Referring to fig. 3, the coaxial transmission line 11 includes a connecting rod 1113, a cavity 1114 and a medium 1115. Connecting rod 1113 and medium 1115 are disposed within cavity 1114, with medium 1115 between cavity 1114 and connecting rod 1113. Specifically, the cavity 1114 may be a housing of a coaxial transmission line, and may be made of metal; the medium 1115 may be air or Polytetrafluoroethylene (PTFE) or the like.
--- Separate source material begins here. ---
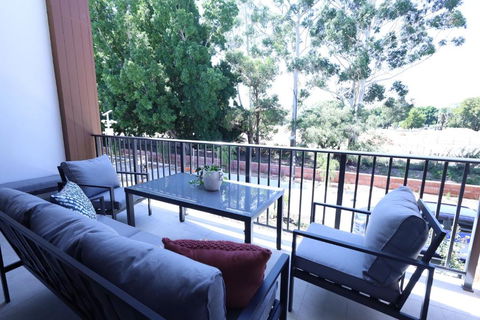 34 High End Quality Home - Glendalough - Sleeps 8 - Accommodation ACT 2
Specifically, referring to fig. 1 and fig. 2, the coaxial transmission line 11 is provided with a coupling cavity 111, and the first surface 121 of the printed circuit board 12 covers the coupling cavity 111, so that the coupling cavity 111 and the printed circuit board 12 form a sealed cavity to prevent the radio frequency signal from leaking. The first surface 121 of the printed circuit board 12 may be soldered to one side of the coupling cavity 111 to cover the coupling cavity 111. The first coupling body 13 and the second coupling body 14 are disposed on the first surface 121 of the printed circuit board 12, the first coupling body 13 and the second coupling body 14 are disposed in parallel along a radial direction S of the coaxial transmission line 11, and the first coupling body 13 and the second coupling body 14 sample the radio frequency signal through coupling. The coaxial transmission line 11 has an axial direction L, the axial direction L is a length direction of the coaxial transmission line 11, and the radial direction S is perpendicular to the axial direction L.
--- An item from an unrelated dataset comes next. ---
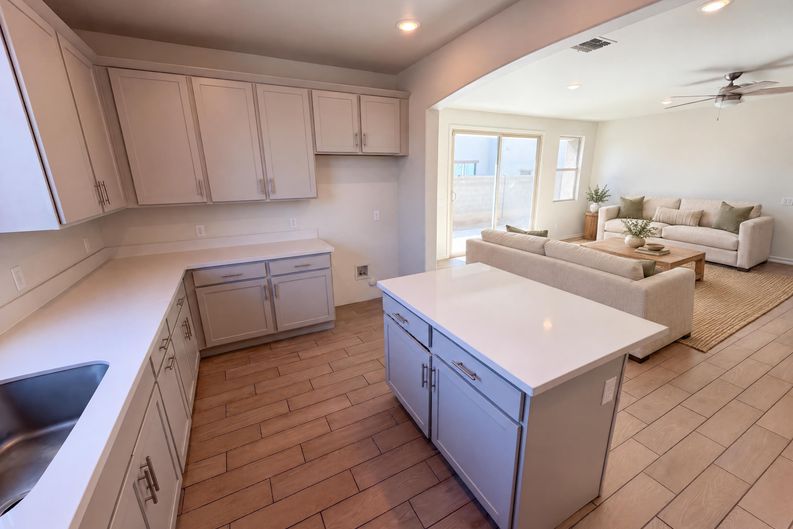Photo 9 of 46 of 15237 W Sherman St, Goodyear, AZ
The first coupling body 13 and the second coupling body 14 are arranged in parallel along the radial direction S of the coaxial transmission line 11, so that the first coupling body 13 and the second coupling body 14 are shorter in the axial arrangement length along the coaxial transmission line 11, and occupy less available cavity space of the filter, thereby optimizing the overall index of the filter. More specifically, the coupling cavity 111 includes a first coupling cavity 1111 and a second coupling cavity 1112, the first coupling body 13 is disposed in the first coupling cavity 1111, and the second coupling body 14 is disposed in the second coupling cavity 1112. The first coupling cavity 1111 and the second coupling cavity 1112 are two independent coupling cavities.
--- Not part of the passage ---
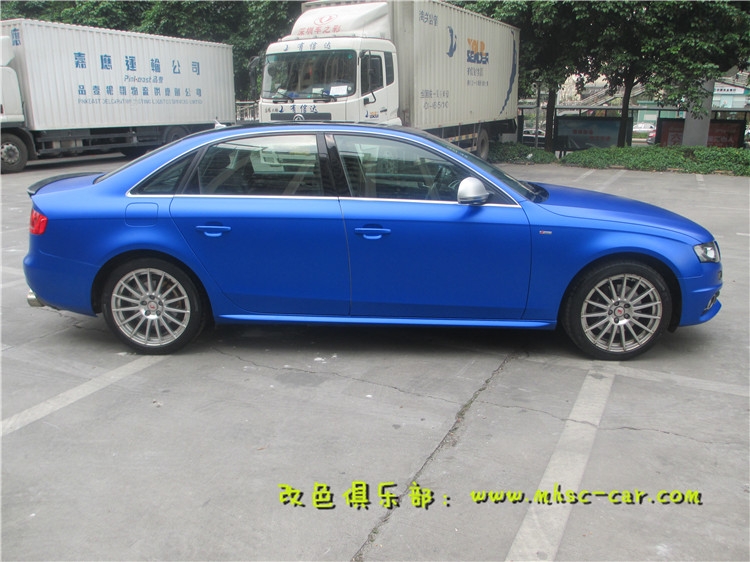 奧迪A4L車(chē)身改色貼膜 深圳汽車(chē)改裝 實(shí)體店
More specifically, the coaxial transmission line 11 is provided with a first window (not shown) and a second window (not shown), the first window is located in the first coupling cavity 1111, the first coupling body 13 couples the radio frequency signal through the first window, the second window is located in the second coupling cavity 1112, and the second coupling body 14 couples the radio frequency signal through the second window. In some embodiments, the cavity 1114 of the coaxial transmission line 11 defines a first opening, i.e., a first window; the cavity 1114 of the coaxial transmission line 11 defines a second opening, i.e., a second window, and the first opening and the second opening do not overlap. The first coupling body 13 couples the radio frequency signal from the coaxial transmission line 11 through the first window, and the second coupling body 14 couples the radio frequency signal from the coaxial transmission line 11 through the second window.

Optionally, the coaxial transmission line 11 further includes a first coupling cavity wall and a second coupling cavity wall, the first coupling cavity wall is enclosed in the first window to form a cavity space of the first coupling cavity 1111, and the second coupling cavity wall is enclosed in the second window to form a cavity space of the second coupling cavity 1112.

Specifically, the first coupling body 13 and the second coupling body 14 may be microstrip lines, the radio frequency signal includes a transmission radio frequency signal and a reflection radio frequency signal, the first coupling body 13 is configured to couple the transmission radio frequency signal, and the second coupling body 14 is configured to couple the reflection radio frequency signal. In other embodiments, the first coupling body 13 and the second coupling body 14 may both be metal sheets, or the first coupling body 13 and the second coupling body 14 may be any one of microstrip lines and metal sheets. When a transmission radio frequency signal is transmitted from the transmitting end of the filter to the antenna, the first coupling body 13 couples the part of the transmission radio frequency signal to transmit the radio frequency signal so as to calculate the transmitting power of the antenna. When the received rf signal is reflected from the antenna to the receiving end of the filter, the second coupling body 14 transmits the rf signal from the coupling portion of the reflected rf signal to calculate the reflected power of the antenna.

The first coupling body 13, the coupling circuit and other circuits form a first coupler, which may be a forward coupler. The second coupling body 14 forms a second coupler, which may be a counter coupler, with the coupling circuit and other circuits.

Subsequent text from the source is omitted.